Her husband just told her to leave it on 'cause he didn't know either.
She thought that by unplugging it and waiting for the screen to go black was how you shut it down! FFS!
 
That's usually Thunderbird lol!
They complain about Thunderbird taking ages to open and you discover they have 250 Tabs open. :eek::rolleyes:

Are we talking email or web browsing (Firefox)? I don't see many that leave tabs open in Thunderbird but plenty in Firefox.
 
A few of my customers, don't know about opening multiple tabs.
1 even closes his browser to open a new tab.....................LOL.

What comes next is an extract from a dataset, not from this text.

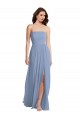 Dusty Blue A-Line Strapless Long Semi Formal Evening Dress Canada Online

Yes, I've showed them how to use tabs, but they always goes back to "what they remember".
 
Exactly. You can even have up to 20 tabs open in Chrome with only 4GB of RAM so long as you don't have a video open in each tab. 4GB will even do gaming decently. More RAM does nothing but allow you to have more things open at the same time. If they're sticking to one heavier application (like a game or Photoshop) or multiple small applications (like Word and Chrome) open at a time then they'll be fine with 4GB of memory.

Can you have them really open though? 20 tabs on 64bit os with 4GB of ram I would imagine thats going to trigger the auto tab discarding, it still looks like you have the tabs open but it reloads the page when you switch to it because it discards them from memory once you get low enough.